* TASK REQUIREMENTS *
Among the entries below, take the line with "Image of Marmot" and the line with "N3 czarna Hoco", and output them and every line between them exactly, with nothing else.

* EXERCISE MATERIALS *

━━━━━━━━━━━━━━━━━━━━━━━━━━━━━━

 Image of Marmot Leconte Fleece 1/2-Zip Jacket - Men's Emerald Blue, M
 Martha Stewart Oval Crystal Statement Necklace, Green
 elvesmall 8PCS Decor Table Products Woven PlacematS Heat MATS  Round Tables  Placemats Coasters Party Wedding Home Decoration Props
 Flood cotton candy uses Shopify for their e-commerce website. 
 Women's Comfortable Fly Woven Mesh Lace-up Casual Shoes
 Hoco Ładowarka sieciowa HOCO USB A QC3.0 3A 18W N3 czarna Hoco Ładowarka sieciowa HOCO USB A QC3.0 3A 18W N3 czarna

━━━━━━━━━━━━━━━━━━━━━━━━━━━━━━

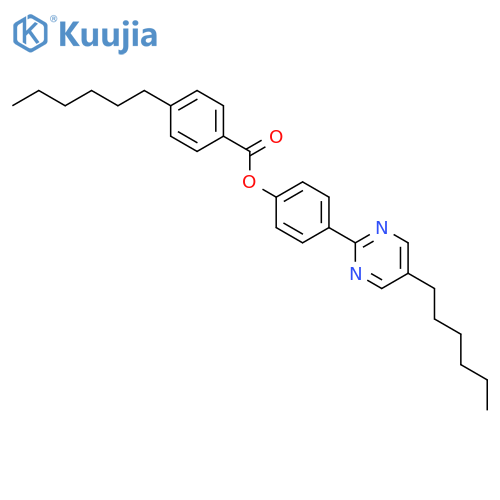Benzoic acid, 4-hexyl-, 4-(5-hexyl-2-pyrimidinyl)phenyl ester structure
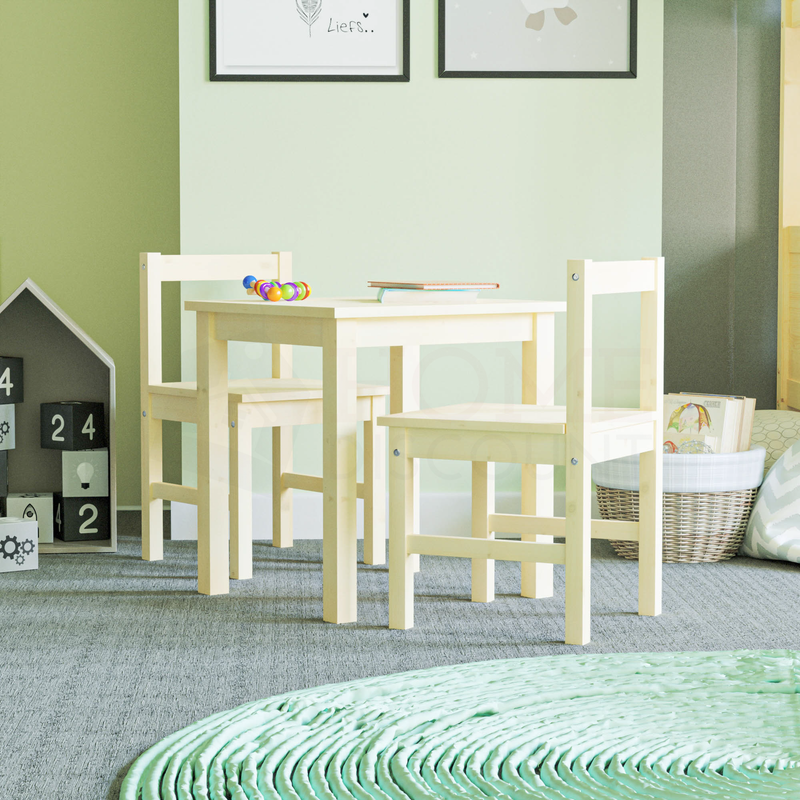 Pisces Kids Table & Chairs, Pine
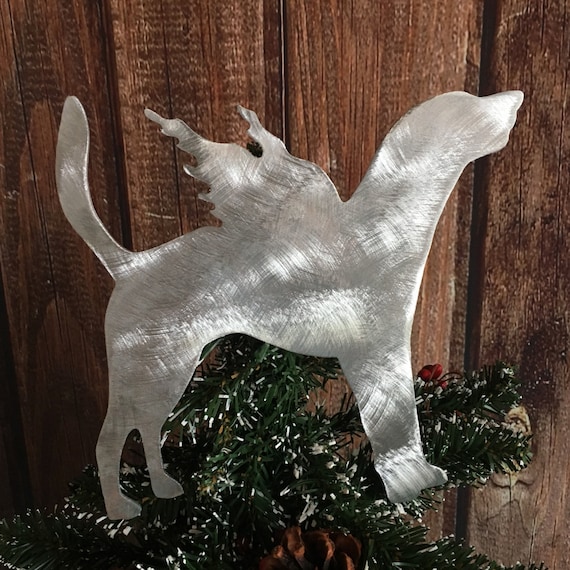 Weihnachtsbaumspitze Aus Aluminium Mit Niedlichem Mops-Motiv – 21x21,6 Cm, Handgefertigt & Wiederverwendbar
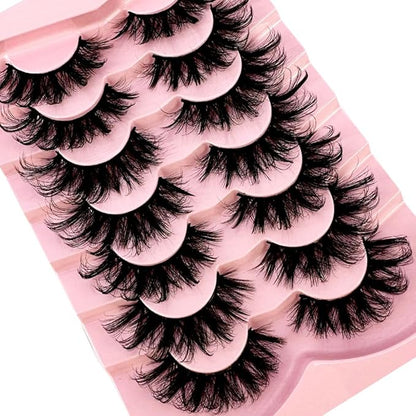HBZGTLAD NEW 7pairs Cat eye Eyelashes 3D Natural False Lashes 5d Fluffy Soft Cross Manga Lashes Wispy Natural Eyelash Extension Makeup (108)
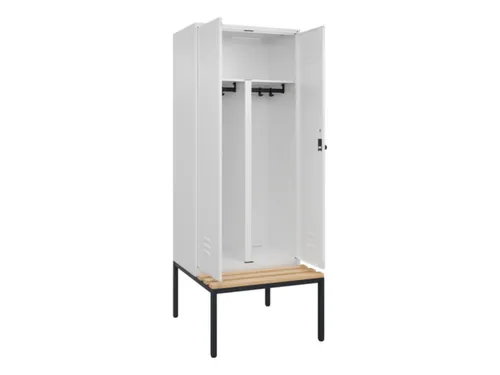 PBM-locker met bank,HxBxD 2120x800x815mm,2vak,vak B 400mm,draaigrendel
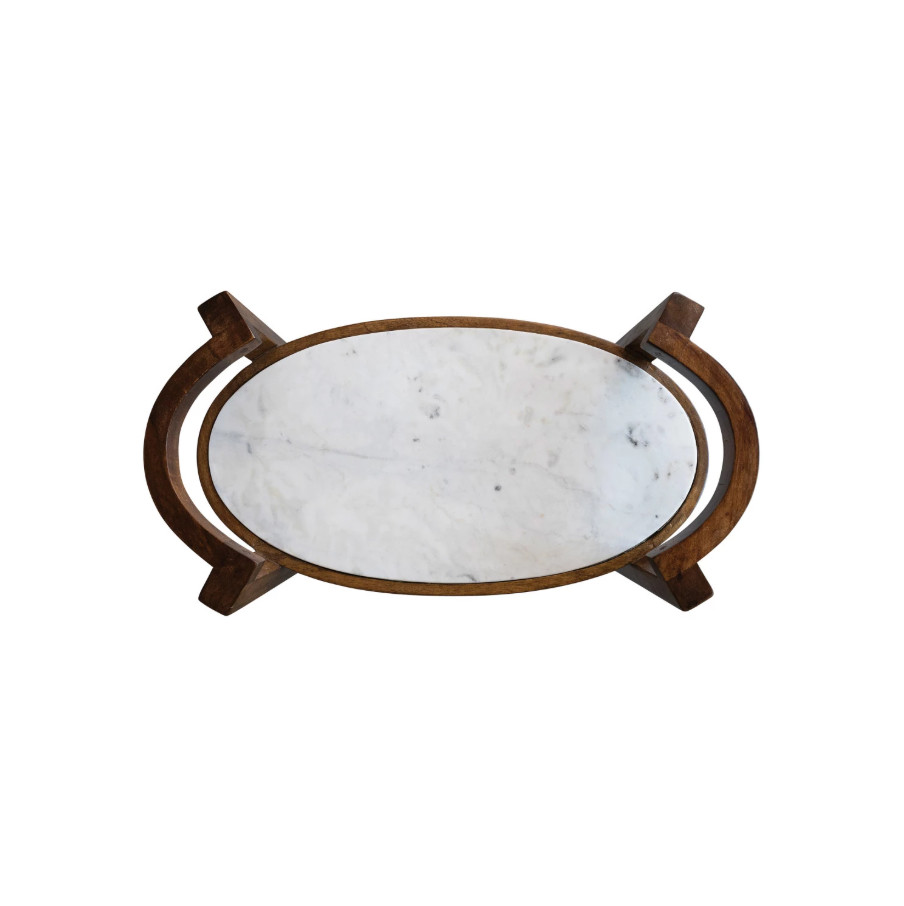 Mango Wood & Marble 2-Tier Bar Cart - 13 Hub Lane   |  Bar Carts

━━━━━━━━━━━━━━━━━━━━━━━━━━━━━━

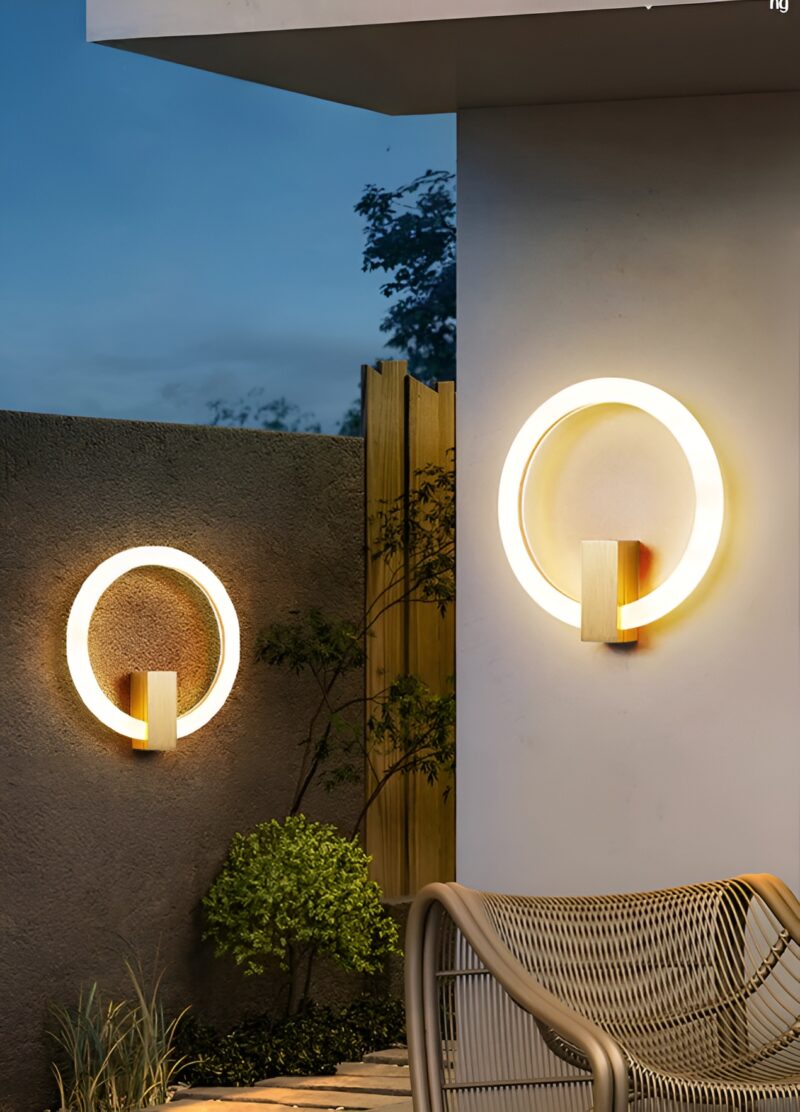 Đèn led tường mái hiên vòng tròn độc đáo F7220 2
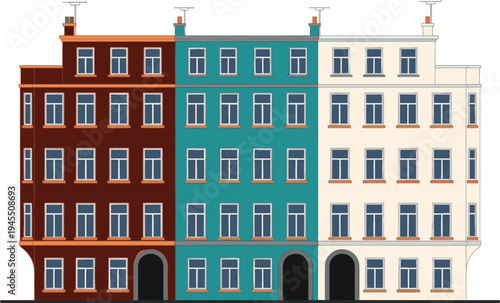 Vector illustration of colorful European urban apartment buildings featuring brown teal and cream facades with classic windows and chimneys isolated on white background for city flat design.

━━━━━━━━━━━━━━━━━━━━━━━━━━━━━━

* PROBLEM SOLUTION *
 Image of Marmot Leconte Fleece 1/2-Zip Jacket - Men's Emerald Blue, M
 Martha Stewart Oval Crystal Statement Necklace, Green
 elvesmall 8PCS Decor Table Products Woven PlacematS Heat MATS  Round Tables  Placemats Coasters Party Wedding Home Decoration Props
 Flood cotton candy uses Shopify for their e-commerce website. 
 Women's Comfortable Fly Woven Mesh Lace-up Casual Shoes
 Hoco Ładowarka sieciowa HOCO USB A QC3.0 3A 18W N3 czarna Hoco Ładowarka sieciowa HOCO USB A QC3.0 3A 18W N3 czarna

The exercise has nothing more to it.